Thermal transport and phonon hydrodynamics in strontium titanate

TL;DR

This study investigates thermal conductivity and phonon hydrodynamics in strontium titanate, revealing Poiseuille flow of phonons in undoped samples and the impact of doping on heat transport across a wide temperature range.

Contribution

It provides experimental evidence of phonon hydrodynamics and Poiseuille flow in strontium titanate, highlighting how doping suppresses these effects and elucidating temperature-dependent thermal transport mechanisms.

Findings

Poiseuille flow observed in undoped SrTiO3 below its peak thermal conductivity.

Doping with Nb reduces lattice thermal conductivity and suppresses phonon hydrodynamics.
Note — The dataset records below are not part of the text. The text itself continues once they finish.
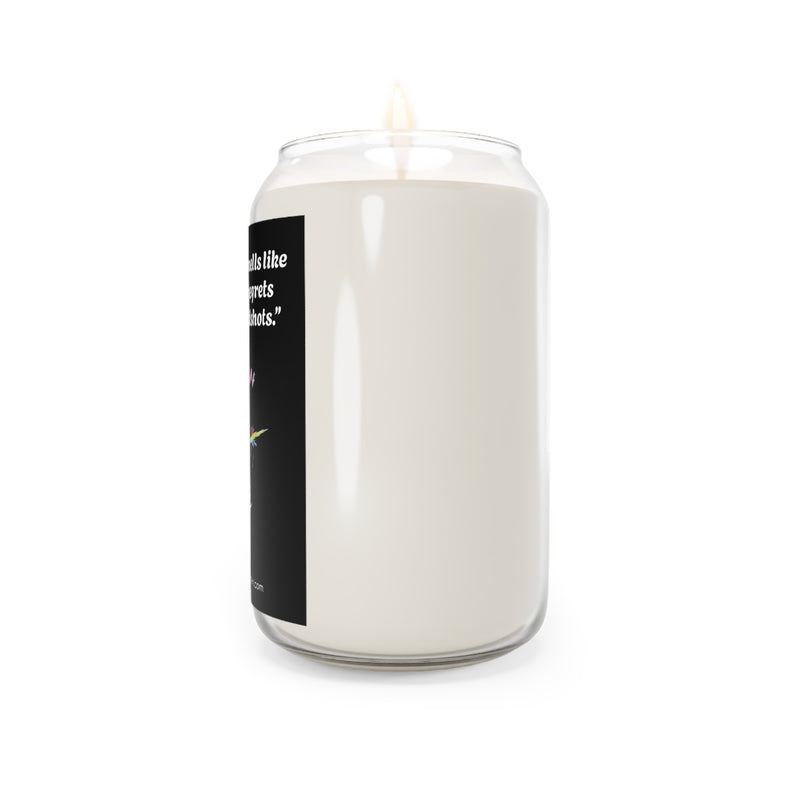“This candle smells like suppressed regrets and clean headshots.”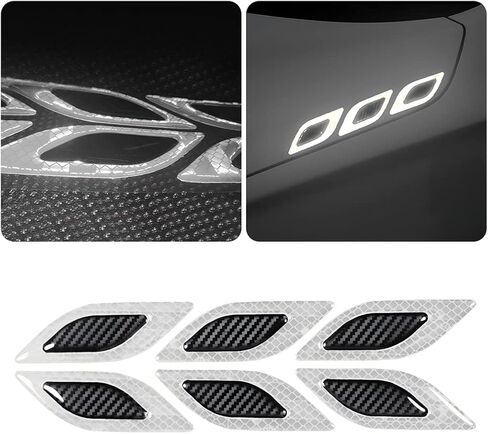 3D Strong Reflective Stripe Sticker for Car Fender Hood Bumper, 6PCS Safety Night Visibility Warning Protection Decal, Carbon Fiber Anti-Scratch Stickers Universal for Vehicle Truck SUV in Saudi Arabia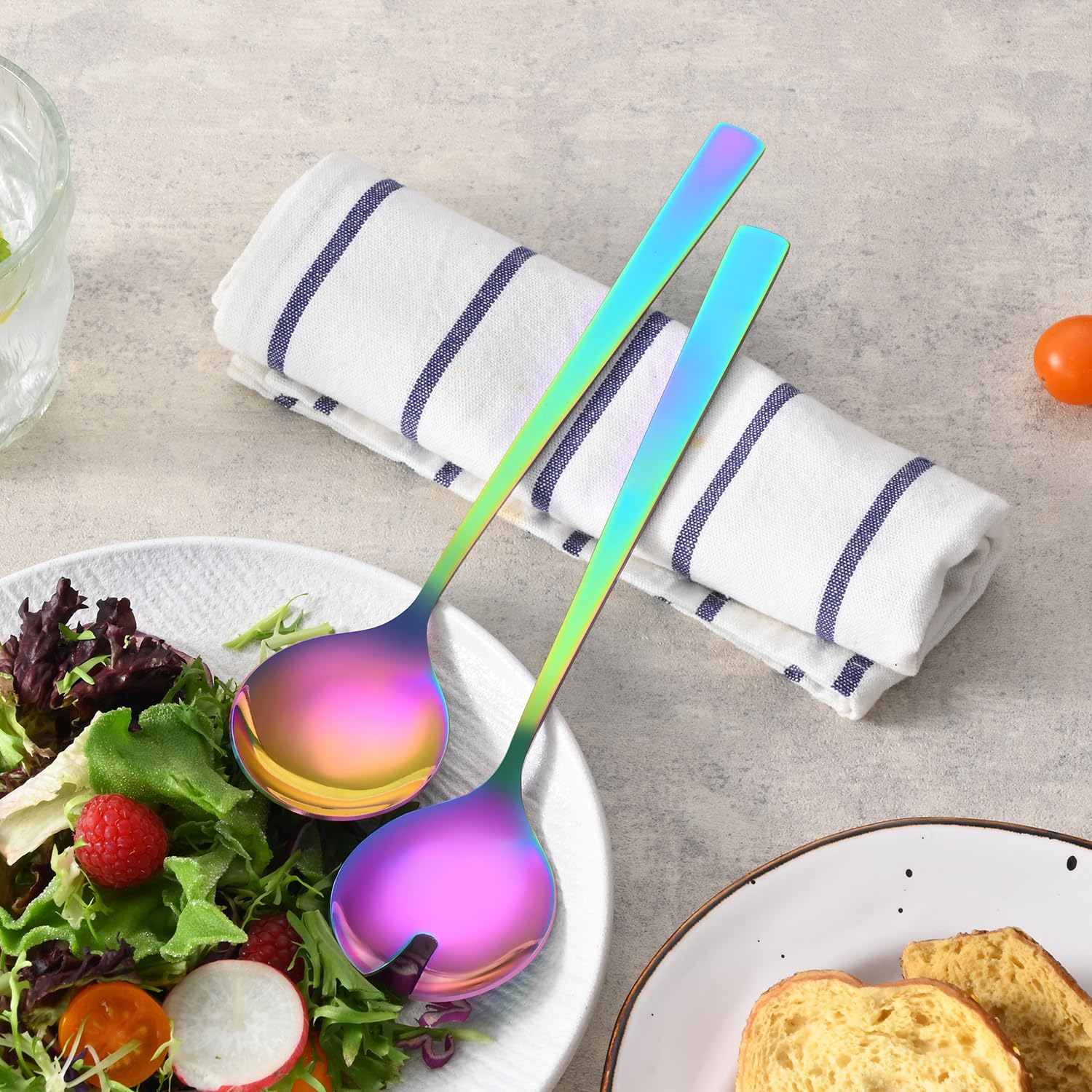 Rainbow Salad Servers - Set of 2 Stainless Steel -7 Rainbow Salad Servers - Set of 2 Stainless Steel -7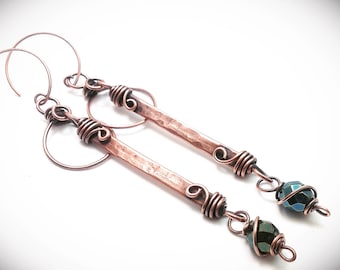 Handcrafted Copper Stick Earrings: Wire Wrapped Czech Bead Jewelry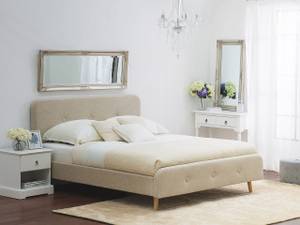 Lit double RENNES Beige - Crème - Chêne clair - 151 x 112 cm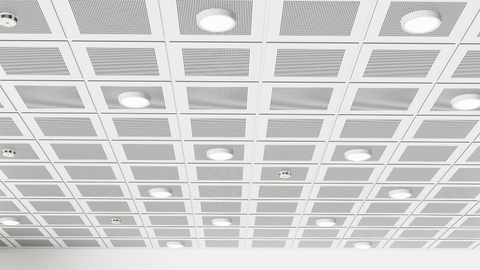 a wide shot of a suspended ceiling a wide shot of a suspended ceiling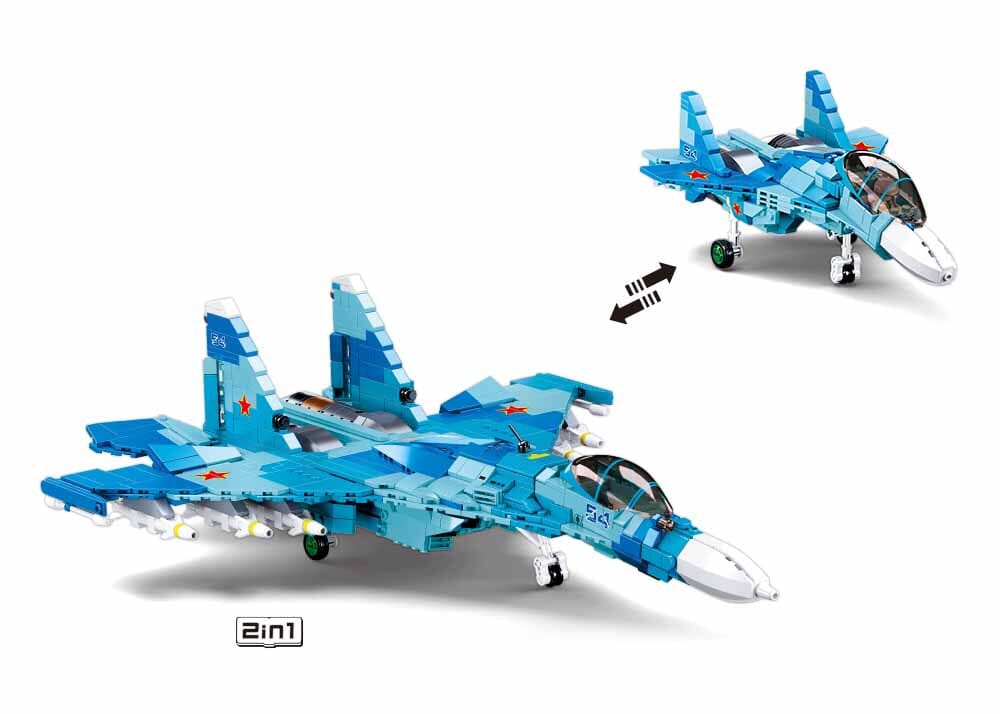 SU-27 Fighter 2 in 1 brick model plane - Sluban M38-B0985 - 1040 bricks - Image 2
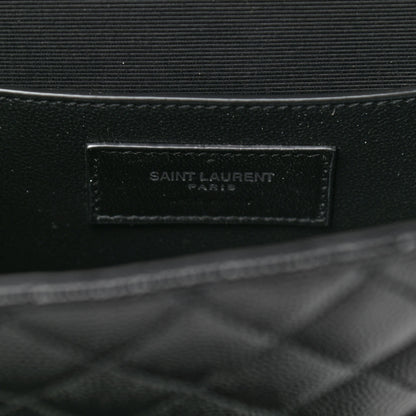 Saint Laurent Grain De Poudre Textured Mixed Matelasse Triquilt Small Monogram Satchel Black 6 of 8
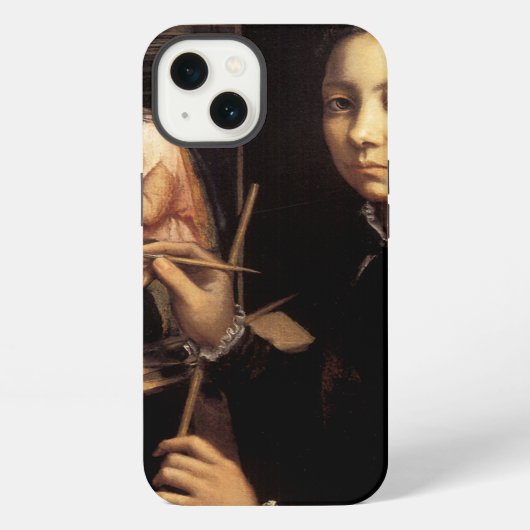 画架の前の自画像 iPhoneケース (裏面)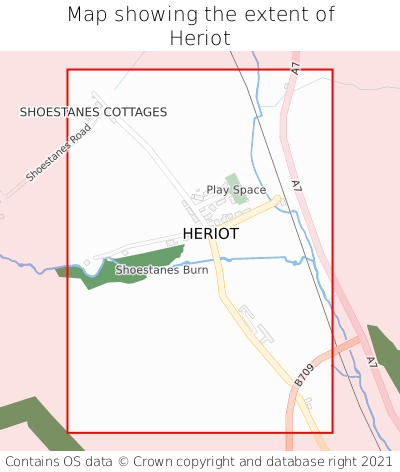 Map showing extent of Heriot as bounding box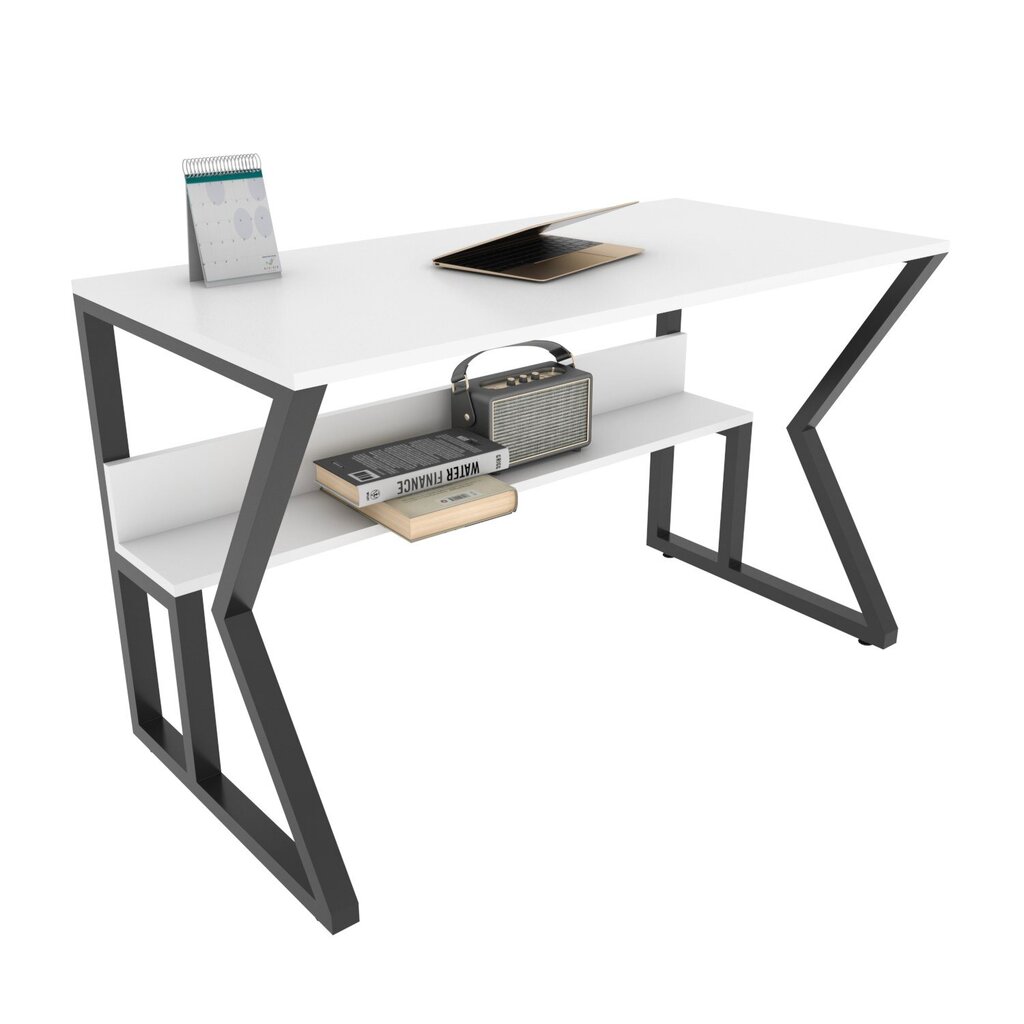 Galds Asir, 120x72,8x60 cm, balts/melns cena un informācija | Datorgaldi, rakstāmgaldi, biroja galdi | 220.lv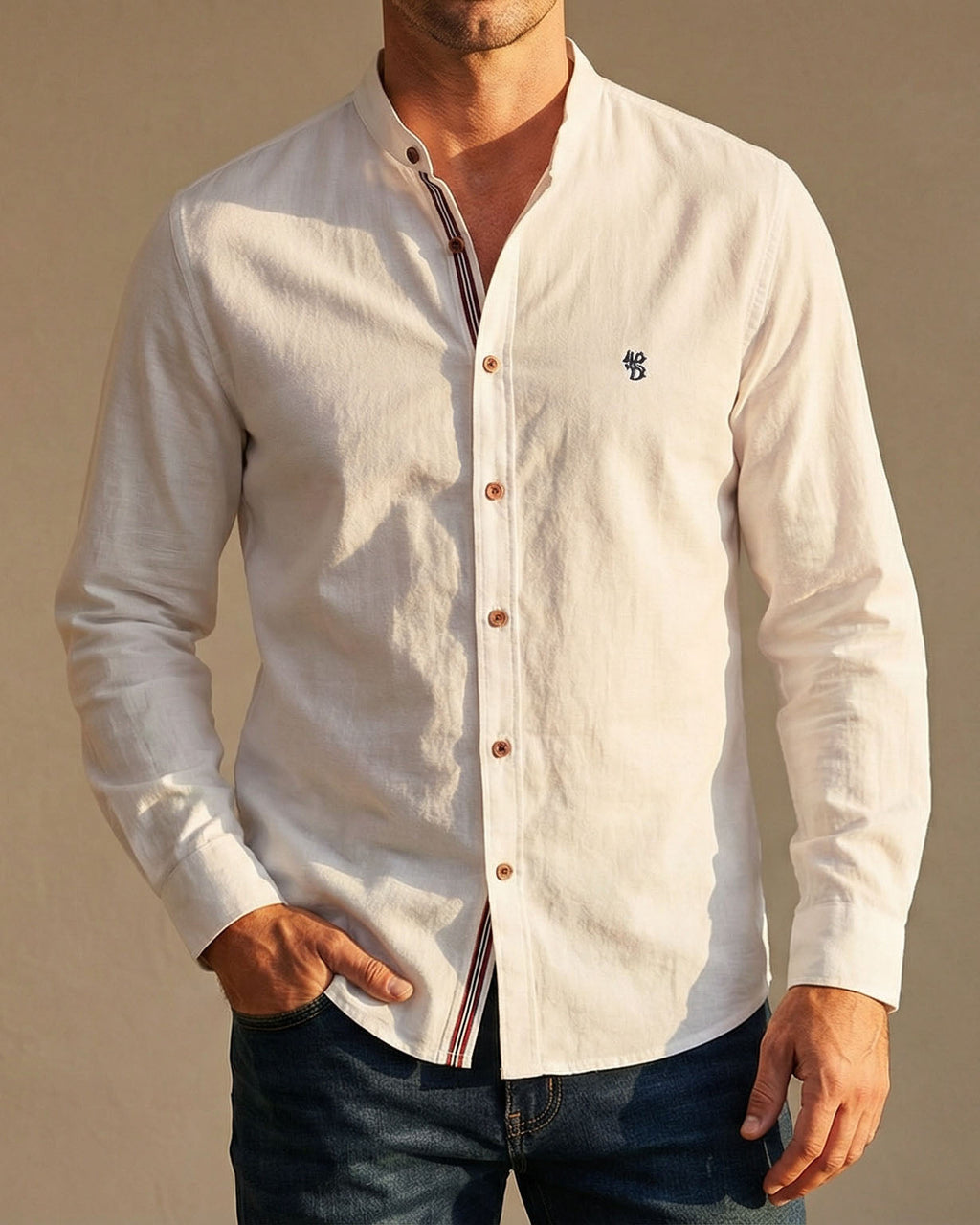 MAISON VALÉRIE | Chemise élégante col mao pour homme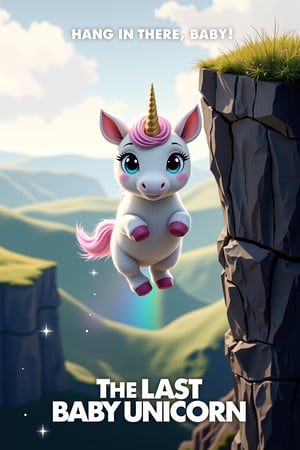 mvpstr. Epic Movie poster for "The Last Baby Unicorn", featuring A cute, wide-eyed baby unicorn with pastel-colored fur and a tiny horn hanging precariously to the edge of a cliff, about to fall off. In the background, a whimsical, mystical landscape is visible, with gentle hills, magical sparkles, and a faint rainbow. tagline at the top reads: "Hang in there, baby!"  At the bottom, add the film title, "The Last Baby Unicorn," in a playful, fantasy-style font that complements the lighthearted tone.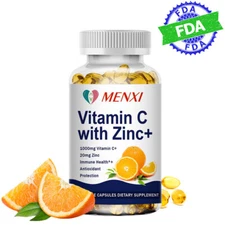 Vitamin C Capsules 1000mg+ Zinc 20mg For Immune System Support for Men and Women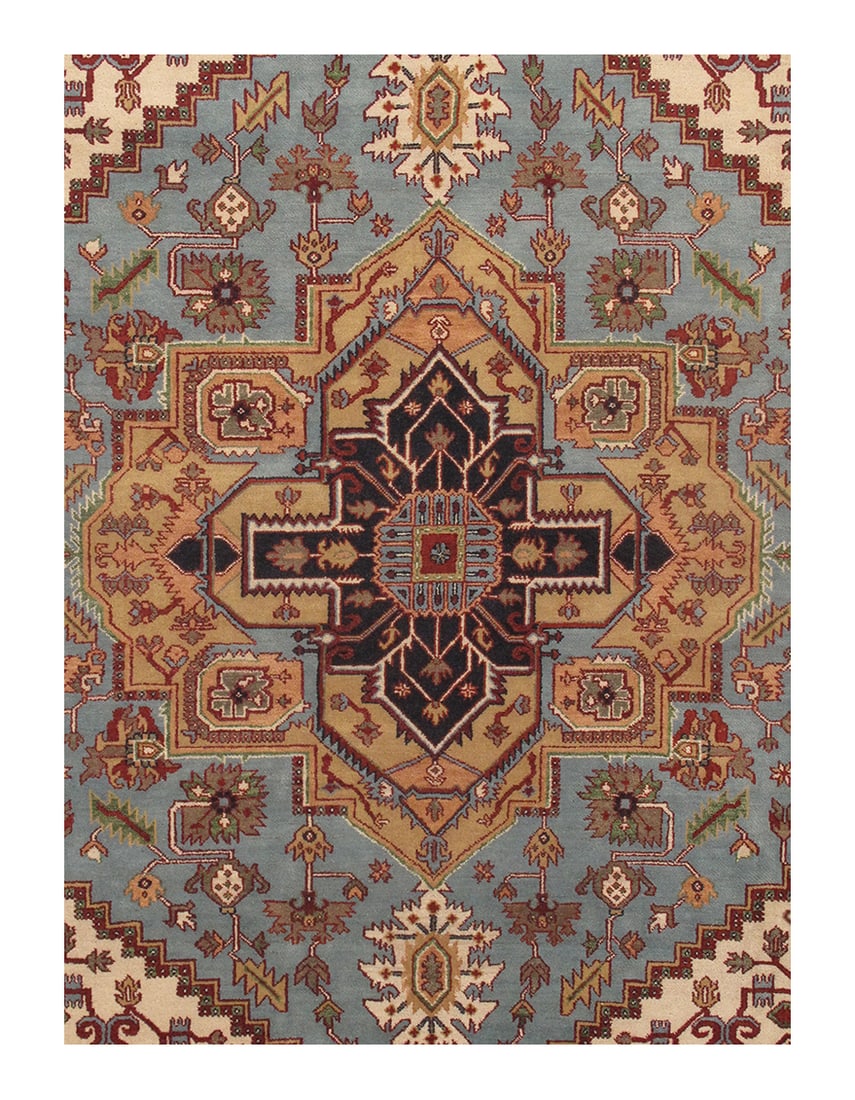 Light Blue Persian Serapi Design 10' X 14' - 2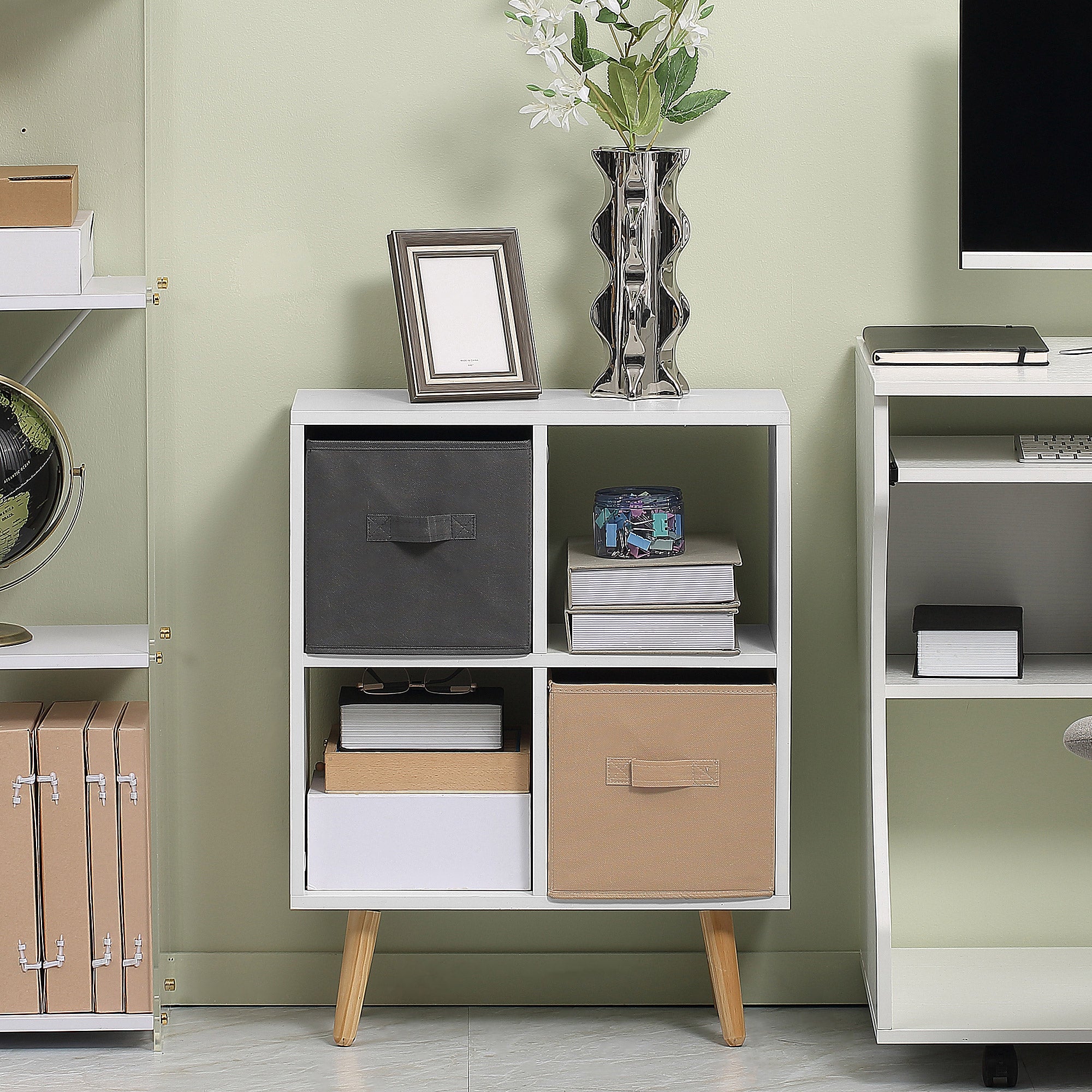 HOMCOM Freestanding 4 Cube Unit Cabinet Unit w/ 3 Fabric Drawers Handles Home Office Storage Shelves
High-temperature thermal diffusivity inversely proportional to temperature, governed by sound velocity and Planckian time.

Abstract

We present a study of thermal conductivity, $\kappa$, in undoped and doped strontium titanate in a wide temperature range (2-400 K) and detecting different regimes of heat flow. In undoped SrTiO$_{3}$, $\kappa$ evolves faster than cubic with temperature below its peak and in a narrow temperature window. Such a behavior, previously observed in a handful of solids, has been attributed to a Poiseuille flow of phonons, expected to arise when momentum-conserving scattering events outweigh momentum-degrading ones. The effect disappears in presence of dopants. In SrTi$_{1-x}$Nb$_{x}$O$_{3}$, a significant reduction in lattice thermal conductivity starts below the temperature at which the average interdopant distance and the thermal wavelength of acoustic phonons become comparable. In the high-temperature regime, thermal diffusivity becomes proportional to the inverse of temperature, with a prefactor set by sound velocity and Planckian time ($\tau_{p}=\frac{\hbar}{k_{B}T}$).